Would you restate each line of the data below word for word, without its pictures?

* [THE RECORDS]
****************

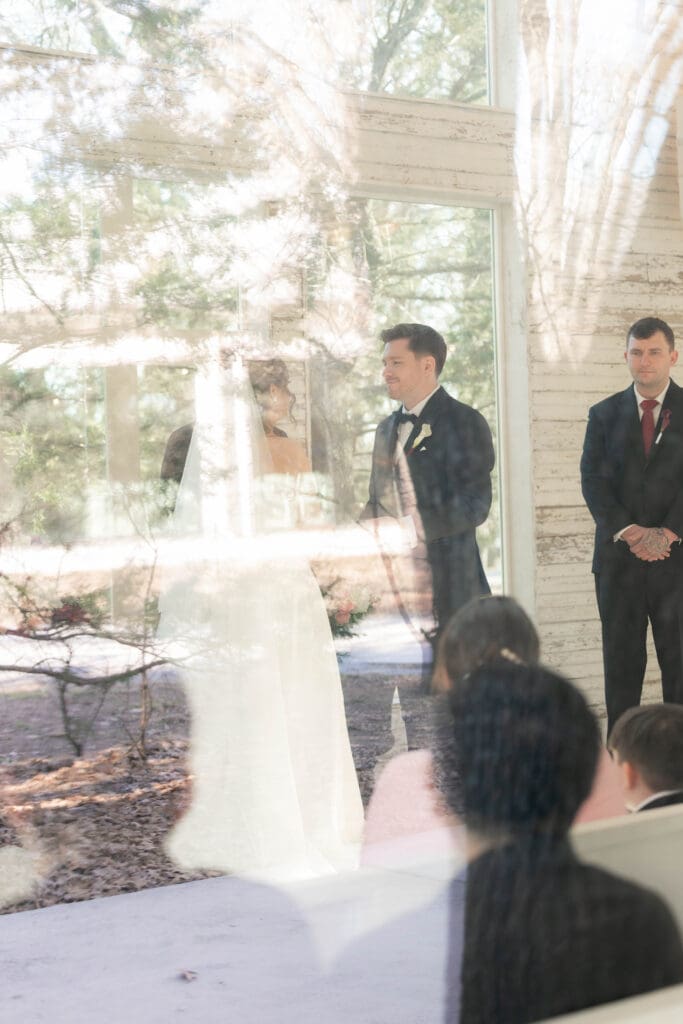 Bride and groom at altar exchanging vows in the little white chapel at Soli Deo Gloria weddings and events in Decatur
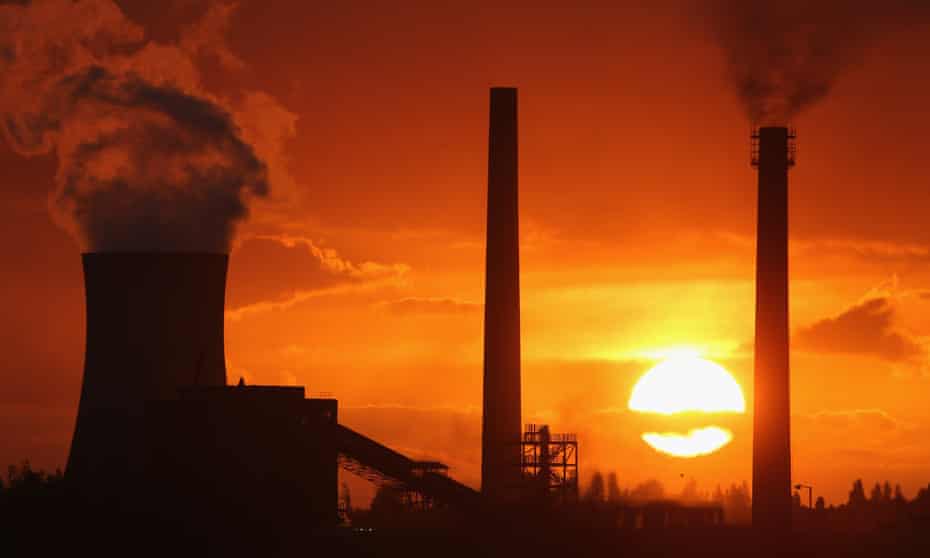 The sun sets behind the Tata Steel processing plant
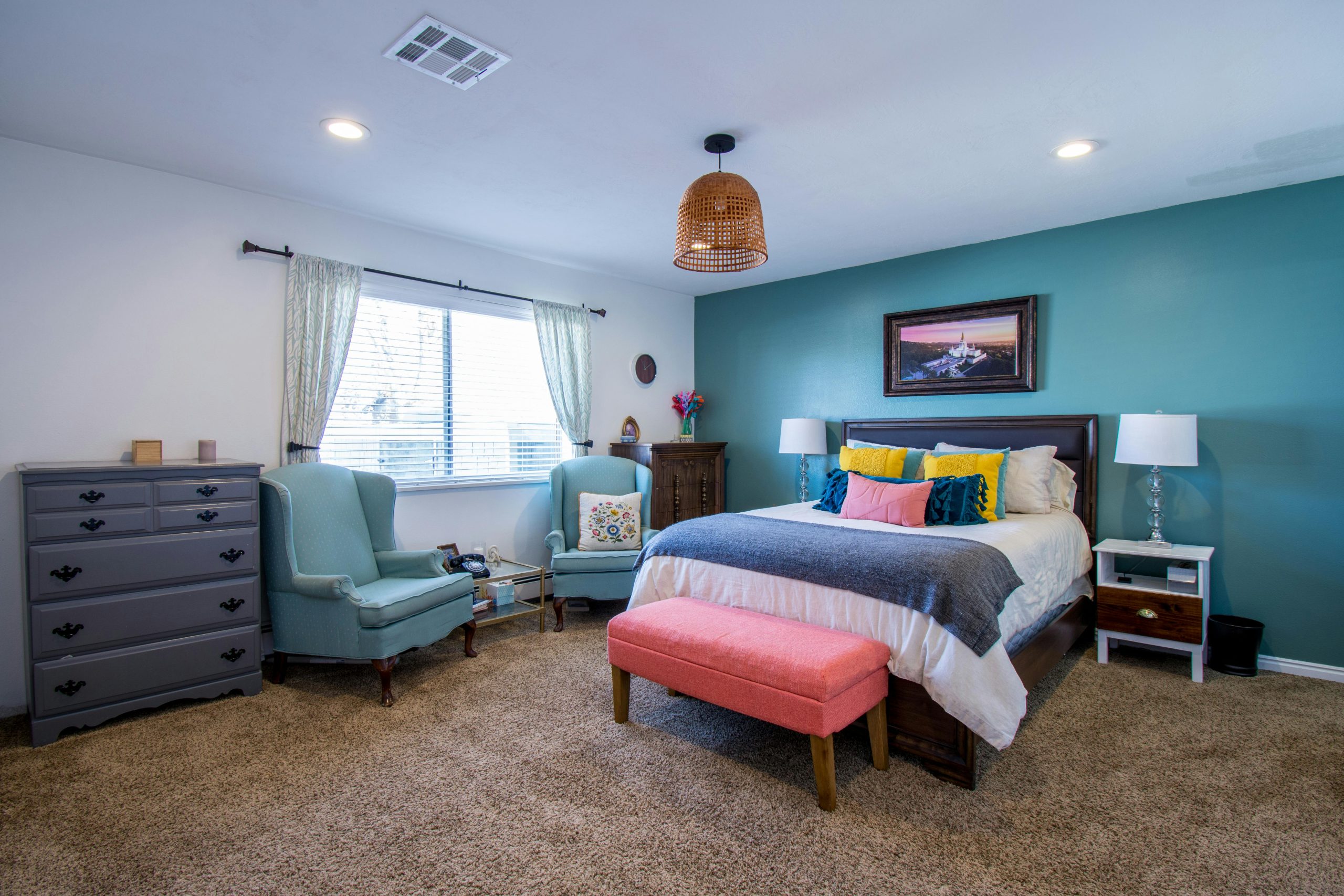 Modern bedroom with vibrant decor, featuring teal walls and comfortable furnishings.
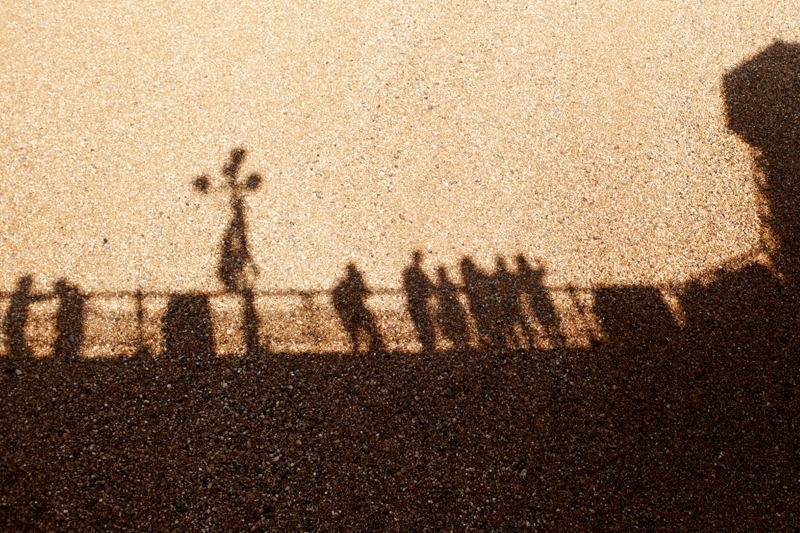 Shadows cast on the sandy beach of Brighton during sunset
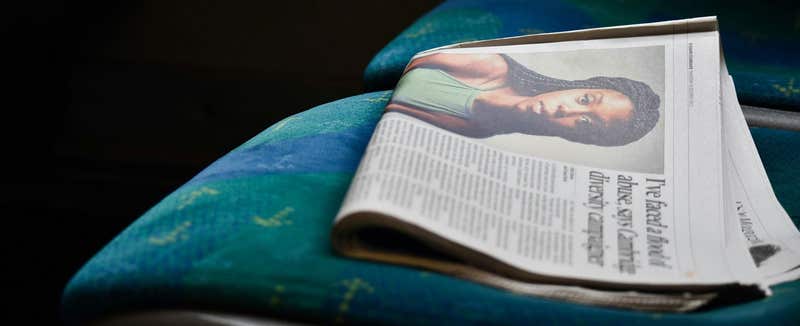 Folded evening newspaper left on a bus seat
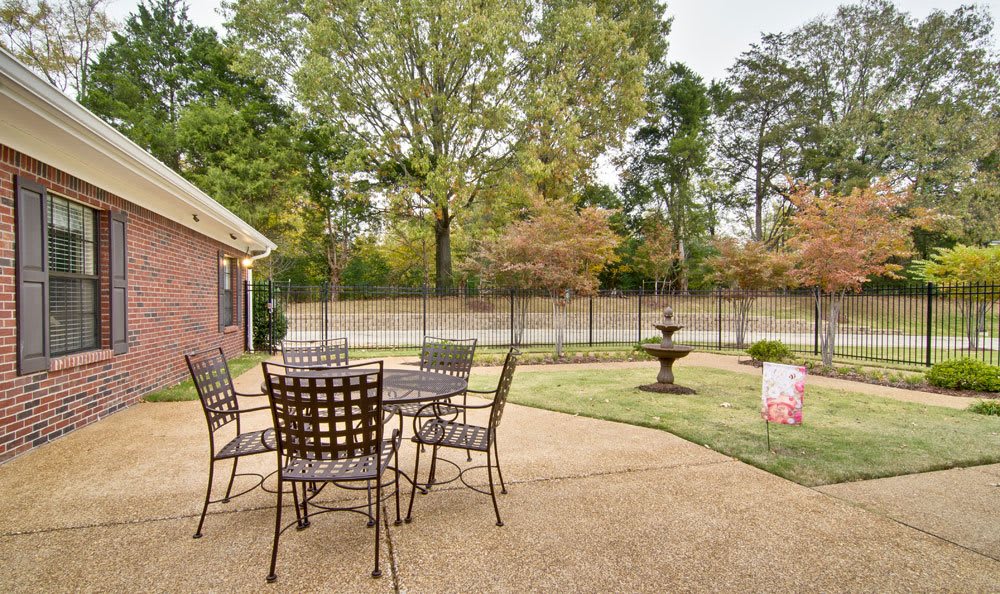 A tranquil patio area with a table and chairs overlooks a landscaped garden featuring a fountain and surrounded by trees.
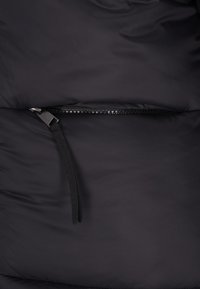 Schwarzer Stoff mit einem horizontalen, teilweise geöffneten schwarzen Reißverschluss und einem schwarzen Stofflaschen-Zipper-Schieber.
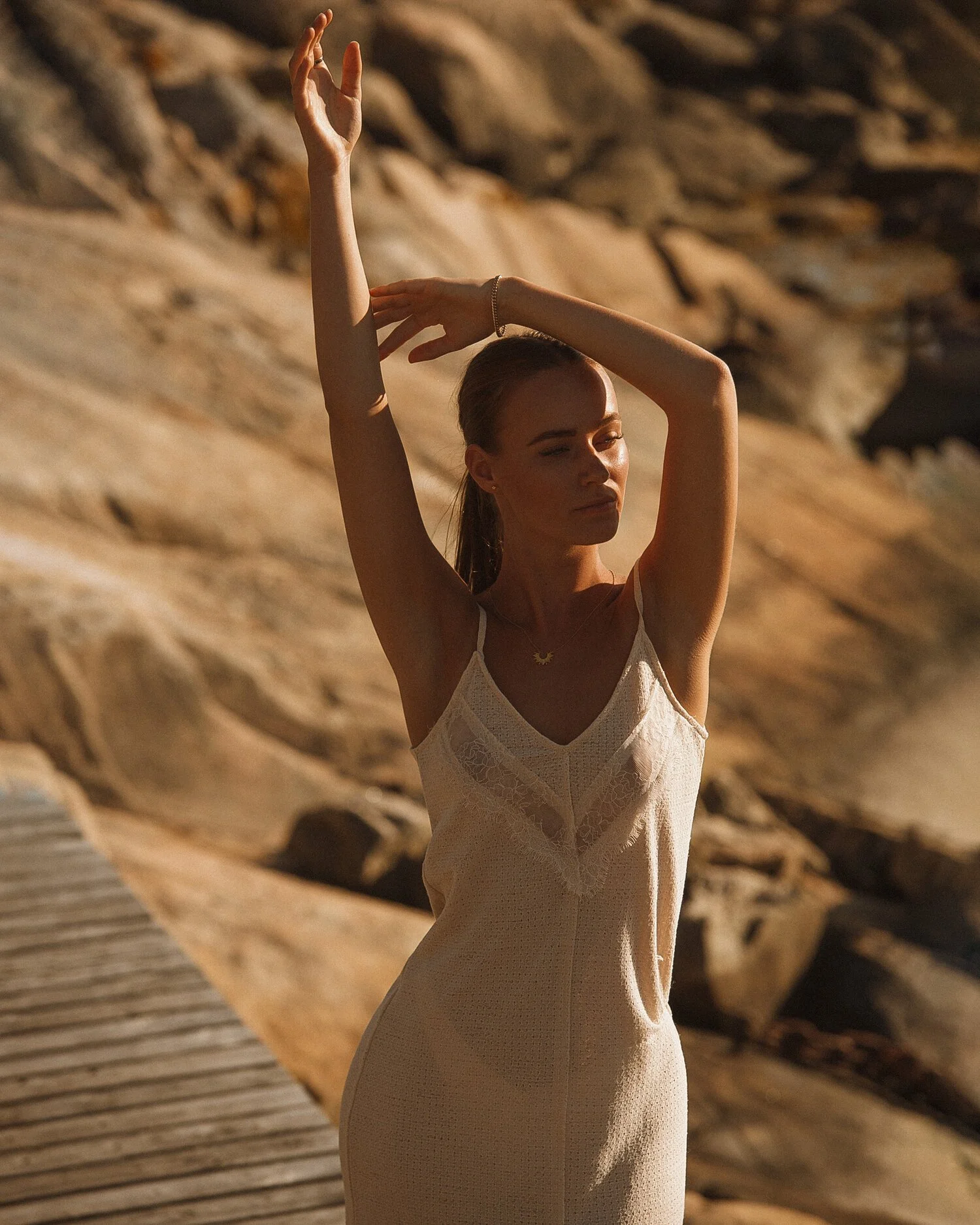 Modefoto i gyllene ljus vid klippor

****************

* [ANSWER SECTION]
 Bride and groom at altar exchanging vows in the little white chapel at Soli Deo Gloria weddings and events in Decatur
 The sun sets behind the Tata Steel processing plant
 Modern bedroom with vibrant decor, featuring teal walls and comfortable furnishings.
 Shadows cast on the sandy beach of Brighton during sunset
 Folded evening newspaper left on a bus seat
 A tranquil patio area with a table and chairs overlooks a landscaped garden featuring a fountain and surrounded by trees.
 Schwarzer Stoff mit einem horizontalen, teilweise geöffneten schwarzen Reißverschluss und einem schwarzen Stofflaschen-Zipper-Schieber.
 Modefoto i gyllene ljus vid klippor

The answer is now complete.